Jean Kerr quipped, "Personally, I think if a woman hasn't met the right man by the time she's 24, she may be lucky." We become cynical about love, don't we? We're tempted to believe that real love is a myth, a long-term relationship is a marathon and romance is for kids.
One person said, "Marriage changes passion...suddenly you're in bed with a relative." But does marriage have to kill romance? Is marriage really nothing but a long banquet at which the dessert is served first?
I believe in love and romance. I believe it is something that can last forever, if it is carefully cultivated. Here are some tips for keeping romance alive and for staying in love:
FIND time to date. Time to be alone and tell each other of your love. You spent time alone at first...why did you quit? My wife and I get away alone every week. Just to refocus on each other. And to fall in love again.
UNDERSTAND what delights the other and make it happen. "The romance is over," says Marlys Huffman, "when you see a rosebush and start looking for aphids instead of picking a bouquet." Does she like to be surprised by flowers? Does he have a favorite dish or activity? Does she enjoy spontaneous affection? Know what brings pleasure to your partner -- and delight him/her!

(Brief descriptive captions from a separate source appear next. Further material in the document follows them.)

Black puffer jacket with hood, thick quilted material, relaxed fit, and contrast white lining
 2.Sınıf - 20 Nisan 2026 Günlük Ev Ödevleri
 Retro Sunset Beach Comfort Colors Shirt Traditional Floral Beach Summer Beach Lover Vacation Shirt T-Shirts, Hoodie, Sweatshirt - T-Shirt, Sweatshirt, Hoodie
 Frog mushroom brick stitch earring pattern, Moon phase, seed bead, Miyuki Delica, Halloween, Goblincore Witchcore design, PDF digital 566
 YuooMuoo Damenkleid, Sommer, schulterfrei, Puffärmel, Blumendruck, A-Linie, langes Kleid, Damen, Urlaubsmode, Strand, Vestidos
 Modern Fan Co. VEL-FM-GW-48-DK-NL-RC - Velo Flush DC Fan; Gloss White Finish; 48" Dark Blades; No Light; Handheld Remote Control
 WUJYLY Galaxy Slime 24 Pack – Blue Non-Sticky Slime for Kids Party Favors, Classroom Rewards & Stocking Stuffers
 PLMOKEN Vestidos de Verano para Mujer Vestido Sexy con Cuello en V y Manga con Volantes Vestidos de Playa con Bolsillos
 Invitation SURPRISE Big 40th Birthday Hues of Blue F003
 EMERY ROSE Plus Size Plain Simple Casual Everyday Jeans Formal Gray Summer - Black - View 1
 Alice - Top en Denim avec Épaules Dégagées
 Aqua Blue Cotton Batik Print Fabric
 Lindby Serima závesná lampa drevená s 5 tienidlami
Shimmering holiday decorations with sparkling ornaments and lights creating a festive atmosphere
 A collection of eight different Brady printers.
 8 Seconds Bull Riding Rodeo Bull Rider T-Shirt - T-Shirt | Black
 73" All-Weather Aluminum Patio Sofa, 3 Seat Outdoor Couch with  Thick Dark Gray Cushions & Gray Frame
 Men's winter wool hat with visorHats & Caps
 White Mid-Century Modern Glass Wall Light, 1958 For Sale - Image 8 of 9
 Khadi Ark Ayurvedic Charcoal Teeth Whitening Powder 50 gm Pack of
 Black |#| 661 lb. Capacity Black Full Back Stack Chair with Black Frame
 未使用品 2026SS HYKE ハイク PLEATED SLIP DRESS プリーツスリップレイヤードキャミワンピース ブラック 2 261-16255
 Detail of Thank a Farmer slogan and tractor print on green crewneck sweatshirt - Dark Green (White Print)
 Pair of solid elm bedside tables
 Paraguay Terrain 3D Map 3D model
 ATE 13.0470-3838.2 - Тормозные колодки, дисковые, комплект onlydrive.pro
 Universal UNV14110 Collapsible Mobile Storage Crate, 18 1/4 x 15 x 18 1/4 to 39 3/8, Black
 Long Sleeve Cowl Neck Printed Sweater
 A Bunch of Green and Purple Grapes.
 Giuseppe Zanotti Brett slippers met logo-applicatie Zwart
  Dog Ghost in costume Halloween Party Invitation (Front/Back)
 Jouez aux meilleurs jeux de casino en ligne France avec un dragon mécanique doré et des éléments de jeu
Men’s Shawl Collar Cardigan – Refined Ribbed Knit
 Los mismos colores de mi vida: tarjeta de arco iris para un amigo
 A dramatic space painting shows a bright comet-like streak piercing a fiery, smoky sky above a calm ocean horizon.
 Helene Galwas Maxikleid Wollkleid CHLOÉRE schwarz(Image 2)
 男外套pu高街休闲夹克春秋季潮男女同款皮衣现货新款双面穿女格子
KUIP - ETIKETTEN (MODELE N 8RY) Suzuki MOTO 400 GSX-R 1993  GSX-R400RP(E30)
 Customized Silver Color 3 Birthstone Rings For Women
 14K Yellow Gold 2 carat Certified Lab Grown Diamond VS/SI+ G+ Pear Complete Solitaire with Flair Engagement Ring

NEVER forget why you got together in the first place. When you focus first on his faults you're not thinking about his strengths. When you're busy pointing out her imperfections, you're not enjoying those qualities that attracted you to her initially. Choose to appreciate that which first drew you together and your romance will grow.
The first letter of these three tips spells the word FUN. Have fun together. Laugh. Go on outings. Plan time to enjoy one another. Remember, "the family the PLAYS together also STAYS together"!
A woman from Charleston, South Carolina was overheard to remark that it was her 53rd wedding anniversary. When asked if she planned a special celebration, she smiled and said softly, "When you have a nice man, it really doesn't matter." I suspect they learned the secrets of staying in love.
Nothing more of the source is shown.